Wednesday, March 18, 2015

Journal of Sgt. John Clark Ely: Beautiful sight for departing 'skin and bones' POWs

Something big is about to happen to Sgt. John Clark Ely. He’s been languishing at Confederates prison camps, including Andersonville, for more than three months, praying for an exchange. Finally, like thousands of other prisoners held by both sides, he gets some important news. Here is this week’s installment of the journal of Ely of Company C, 115th Ohio Infantry, courtesy of Andersonville National Historic Site.

March 18, 1865 (Saturday)
Fine day, cool night, exchange rumors again numerous and men some excited over the news.  Hathaway tried hard to get out on parole by siding with the rebs all right p.m. a thousand men including those at the hospital and officers were taken for exchange twas sad.

March 19, 1865 (Sunday)
Beautiful day but cool night.  I feel quite poorly with diarrhea. The monotony of camp again broken by the Johnnys coming in for men to go out on parole. Carpenters, woodchoppers etc took out nearly or quite 100 men.

March 20, 1865 (Monday)
Fine day, felt very badly all day. Rumor in camp that 3000 are going tomorrow, may it prove true and may Co. C be of the number. Some excitement in regard to it.

Sgt. Ely
March 21, 1865 (Tuesday)
Rain heavy in night. Raining still this morning and continued through day, feeling better today, no prisoners away today.

March 22, 1865 (Wednesday)
Beautiful day again, late p.m. great excitement through camp occasioned by the reb sutler coming in and selling chances to leave in first squad, chances selling from 15 to 30 dollars confederate.

March 23, 1865 (Thursday)
Beautiful day, same excitement as yesterday.

March 24, 1865 (Friday).
Very fine morning, peach and cherry trees all in full bloom outside, for the Co bought our chance to go by the first train.  We gave eighty dollars greenback, 80 confed and my watch valued at 60  dollars, hope the chance will prove a good one.  Late p.m. a train came for us and we bid goodby to Andersonville.  Left at 8 p.m. and arrived at Columbus (Ga.) at daylight.

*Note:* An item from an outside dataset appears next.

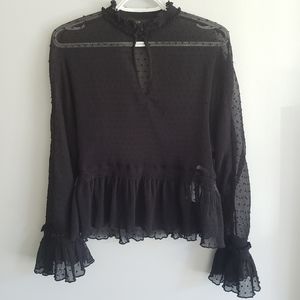 Maje Laurine Swiss Dot High Neck Ruffle Peplum Top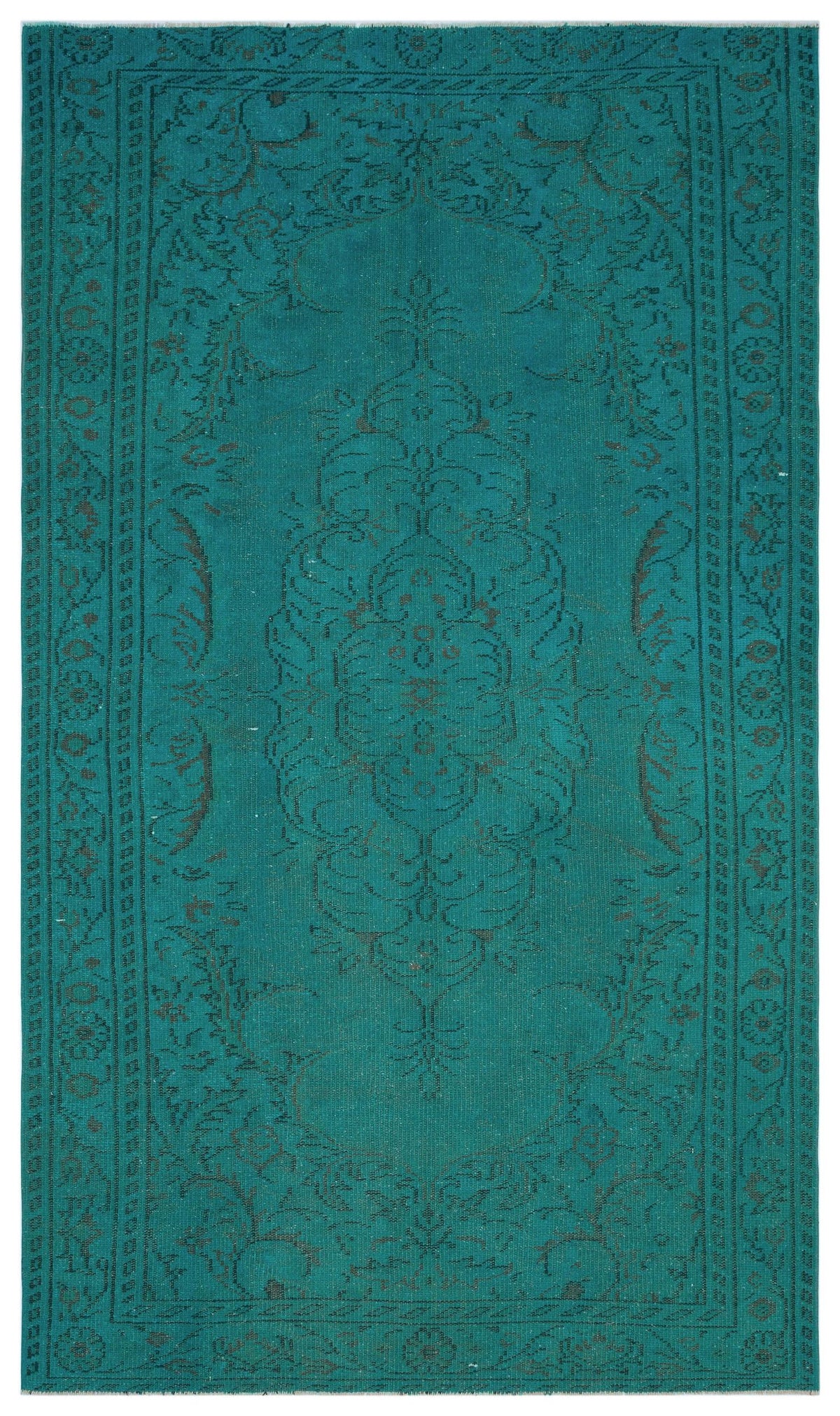 Teal rug with a dark grey traditional floral medallion and border pattern on a white background.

Emaciated prisoners including Ely were bound for a train headed westward for prisoners exchanges. An eyewitness recalled the scene as the men left Andersonville:

Coming like cattle across an open field were scores of men who were nothing but skin and bones ; some hobbling along as best they could, and others being helped by stronger comrades. Every gaunt face with its staring eyes told the story of the suffering and privation they had gone through, and protruding bones showed through their scanty tattered garments. One might have thought that the grave and the sea had given up their dead.